In supporting the records, chairman Lavea Lemalu Tupuola Sione Malifa stated that the Corporation generated $9.37 million tala in revenue, which he said was a substantial leap of close to 40 per cent when compared to last year.

“Favourably and remarkably, expenses during the same period plunge to more than 30 percent or nearly $2million tala.

“Our efforts to develop strategic and relevant policies to improve processes in dealing with the allocation and distribution of government land have contributed to this success as income from lands stack up to more than 80 percent of revenue. 

“In addition, the tremendous recovery effort put in place through consultations, meetings, advisory and warnings through letters and advertisements in the media have also assisted prominently towards letters and advertisements in the media have also assisted prominently towards an improved financial year," he added. 

Lavea also made reference to a strategic review of the organizational structure merging two divisions into one downsizing the number of employees from more than 90 to around 80 employees. 

The number of people employed by the Corporation in 2017 was 93 which dropped to 89 for the year 2018. 

Despite the profit and revenue recorded, the Corporation also had some loss. 

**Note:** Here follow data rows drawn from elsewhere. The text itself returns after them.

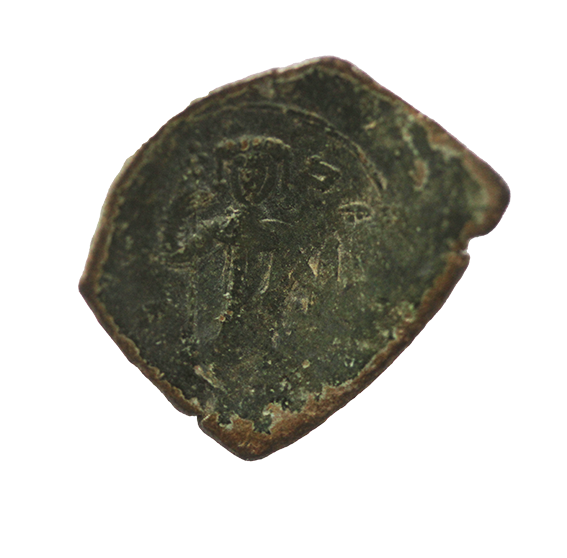  Latin Emperors ,Constantinople 1204-1261 AD ,AE Trachy 1,56 g   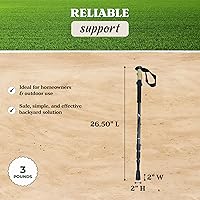 Vista 4 de Yard Tuff YTF-2654WSPR - Bastón ajustable (juego de 2)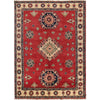 Red Color Kazak Rug 4' 8 x 6' 5 (ft) - No. G22646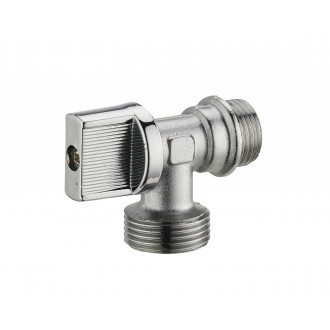 Robinet de machine à laver équerre 1/4 tour mâle M1/2' (15x21) sortie mâle M3/4' (20x27) NOYON & THIEBAULT - 802-1520C1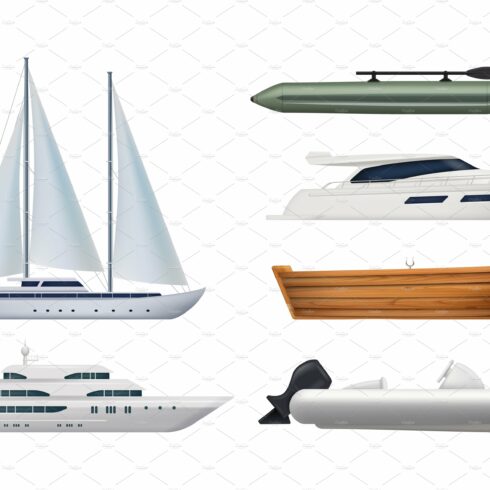 Sailing boats. Ocean transportation cover image.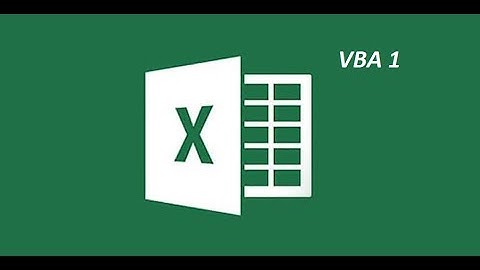 1 - Corso Excel VBA - Introduzione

According to its financial statement for the year it highlighted “loss from stolen funds in year 2017”. 

The financial report noted a total fund of $50,412 tala was stolen from the safe in or around end of May or early June 2017. 

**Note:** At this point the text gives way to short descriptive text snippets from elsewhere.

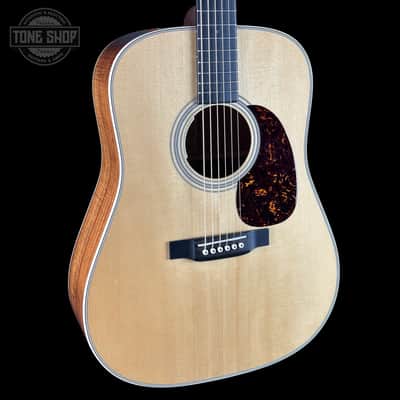 Used 2021 Martin Custom Shop 28 Style Dread VTS Adi/Highly Flamed Koa w/LR Baggs Anthem w/case TSU25221 image 5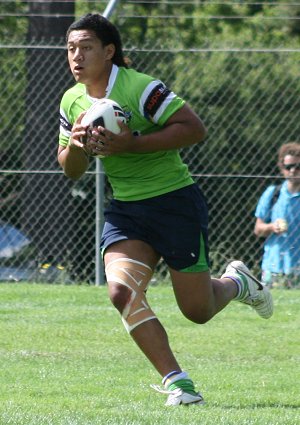 AIS Rugby League v Canberra Raiders trial action (Photo's : ourfootymedia)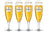 Krombacher vasos de cerveza en pie 300 ml - 4 piezas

“Total recoveries including insurance was $35,408 tala resulting in net loss of $15,004,” noted the financial statement. 

In addition, am amount of $23,657 was misappropriated by staff responsible for collecting lease payments from tenants for the markets at Savalalo, Vaitele and Salelologa. The misappropriated amount is for repayments for the year 2017. 

In terms of risks and uncertainties faced by the Corporation, the report noted that staff encountered problems in dealing with villagers upon executing their work. 

“S.L.C. staff encountering issues from Alii & Faipule and some villages especially illegal occupants settling on government land leading to delay in executing of Corporation mandate,” stated the report. 

“However, despite its favourable performance, S.L.C. continues to be faced with numerous challenges when dealing with land issues and markets (i.e. Savalalo, Vaitele and Salelologa). 

“Land is a very delicate issue and it takes times to negotiate with village communities as they believe its their land taken over during the colonial era and should return to them for free. 

“This is the reason behind the continued accumulation of arrears, with village people refusing to pay."

As for collection of revenue surfaced by employees receiving the repayments, the Corporation is closely monitoring the problem by their Internal Auditor.